## Your task
State, as one number, how many lines in these records hold "Pulsify".

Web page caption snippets

=== Begin Enclosure ===

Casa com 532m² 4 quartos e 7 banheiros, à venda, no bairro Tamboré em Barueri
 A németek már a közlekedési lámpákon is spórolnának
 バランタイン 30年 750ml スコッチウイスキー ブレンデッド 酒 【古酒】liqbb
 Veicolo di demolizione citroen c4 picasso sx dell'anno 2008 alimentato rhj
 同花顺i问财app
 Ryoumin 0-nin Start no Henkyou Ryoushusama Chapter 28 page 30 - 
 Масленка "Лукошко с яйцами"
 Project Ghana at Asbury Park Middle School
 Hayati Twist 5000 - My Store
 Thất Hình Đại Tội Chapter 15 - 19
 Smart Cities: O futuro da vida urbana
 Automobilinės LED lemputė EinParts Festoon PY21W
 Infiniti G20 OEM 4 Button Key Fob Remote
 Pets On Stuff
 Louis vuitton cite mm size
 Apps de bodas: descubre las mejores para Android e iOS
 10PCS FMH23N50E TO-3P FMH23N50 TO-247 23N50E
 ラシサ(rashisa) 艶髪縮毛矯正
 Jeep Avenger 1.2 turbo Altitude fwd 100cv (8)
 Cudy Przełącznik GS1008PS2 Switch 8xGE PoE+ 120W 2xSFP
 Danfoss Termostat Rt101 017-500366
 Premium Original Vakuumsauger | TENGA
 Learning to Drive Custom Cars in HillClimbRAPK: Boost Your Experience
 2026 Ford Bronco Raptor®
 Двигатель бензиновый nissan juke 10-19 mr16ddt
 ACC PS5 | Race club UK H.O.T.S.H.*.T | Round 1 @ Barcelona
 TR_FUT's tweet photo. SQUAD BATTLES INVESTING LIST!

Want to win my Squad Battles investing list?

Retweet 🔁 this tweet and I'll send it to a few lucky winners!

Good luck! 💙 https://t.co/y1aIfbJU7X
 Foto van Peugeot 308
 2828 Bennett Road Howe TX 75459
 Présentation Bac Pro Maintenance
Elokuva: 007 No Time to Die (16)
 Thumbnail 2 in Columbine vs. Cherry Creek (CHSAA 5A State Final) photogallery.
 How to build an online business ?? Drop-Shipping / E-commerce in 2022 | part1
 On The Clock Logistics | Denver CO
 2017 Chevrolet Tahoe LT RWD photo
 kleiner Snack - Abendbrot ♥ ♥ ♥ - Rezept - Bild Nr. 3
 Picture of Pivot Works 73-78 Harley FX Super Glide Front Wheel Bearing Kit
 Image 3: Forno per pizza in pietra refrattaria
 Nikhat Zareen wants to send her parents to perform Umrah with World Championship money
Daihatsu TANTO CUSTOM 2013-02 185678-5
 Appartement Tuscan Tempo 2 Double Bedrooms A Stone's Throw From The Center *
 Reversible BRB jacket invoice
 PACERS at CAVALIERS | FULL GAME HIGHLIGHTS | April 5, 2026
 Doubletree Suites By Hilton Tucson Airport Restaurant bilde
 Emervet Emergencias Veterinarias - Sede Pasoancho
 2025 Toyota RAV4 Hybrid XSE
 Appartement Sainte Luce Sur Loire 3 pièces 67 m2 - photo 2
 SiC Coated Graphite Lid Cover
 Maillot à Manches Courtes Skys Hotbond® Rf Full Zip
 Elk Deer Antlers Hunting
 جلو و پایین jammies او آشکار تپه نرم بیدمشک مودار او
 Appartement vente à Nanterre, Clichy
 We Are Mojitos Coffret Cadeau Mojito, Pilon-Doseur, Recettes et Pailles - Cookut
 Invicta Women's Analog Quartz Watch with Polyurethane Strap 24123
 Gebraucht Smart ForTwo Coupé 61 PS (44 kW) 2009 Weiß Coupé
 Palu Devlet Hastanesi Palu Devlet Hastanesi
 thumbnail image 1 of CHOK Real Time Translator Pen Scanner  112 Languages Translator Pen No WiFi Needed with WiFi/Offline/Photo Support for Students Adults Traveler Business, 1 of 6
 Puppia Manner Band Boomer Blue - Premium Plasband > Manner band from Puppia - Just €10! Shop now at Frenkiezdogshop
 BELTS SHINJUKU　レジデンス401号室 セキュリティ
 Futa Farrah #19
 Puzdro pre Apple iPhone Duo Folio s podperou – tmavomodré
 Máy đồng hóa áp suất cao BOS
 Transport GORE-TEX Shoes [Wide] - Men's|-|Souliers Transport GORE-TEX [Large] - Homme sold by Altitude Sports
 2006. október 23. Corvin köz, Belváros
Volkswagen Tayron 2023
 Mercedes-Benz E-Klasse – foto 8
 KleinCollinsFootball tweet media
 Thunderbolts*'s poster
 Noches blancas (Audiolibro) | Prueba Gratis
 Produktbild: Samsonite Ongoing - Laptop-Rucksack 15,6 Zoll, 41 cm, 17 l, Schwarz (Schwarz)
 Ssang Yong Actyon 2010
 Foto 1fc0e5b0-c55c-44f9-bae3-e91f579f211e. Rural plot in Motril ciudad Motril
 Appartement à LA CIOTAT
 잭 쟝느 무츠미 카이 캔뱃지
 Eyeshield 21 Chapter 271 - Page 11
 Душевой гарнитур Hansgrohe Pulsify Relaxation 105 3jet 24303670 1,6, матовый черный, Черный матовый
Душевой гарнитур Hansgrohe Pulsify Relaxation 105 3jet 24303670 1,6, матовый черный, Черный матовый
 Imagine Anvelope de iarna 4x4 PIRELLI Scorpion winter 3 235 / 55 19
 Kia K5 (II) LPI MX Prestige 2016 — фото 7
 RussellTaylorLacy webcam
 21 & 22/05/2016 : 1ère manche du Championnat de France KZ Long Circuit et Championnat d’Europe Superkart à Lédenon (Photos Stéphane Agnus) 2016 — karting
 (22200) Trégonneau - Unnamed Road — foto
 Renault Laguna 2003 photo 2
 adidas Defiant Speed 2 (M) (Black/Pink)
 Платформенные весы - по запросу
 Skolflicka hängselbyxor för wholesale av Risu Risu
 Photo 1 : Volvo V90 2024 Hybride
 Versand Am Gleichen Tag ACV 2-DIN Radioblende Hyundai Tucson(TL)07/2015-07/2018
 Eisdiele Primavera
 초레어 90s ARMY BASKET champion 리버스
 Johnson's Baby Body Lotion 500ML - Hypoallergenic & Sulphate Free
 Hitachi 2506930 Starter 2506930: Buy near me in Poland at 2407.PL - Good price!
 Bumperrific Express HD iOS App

=== End Enclosure ===

## Answer to this exercise
2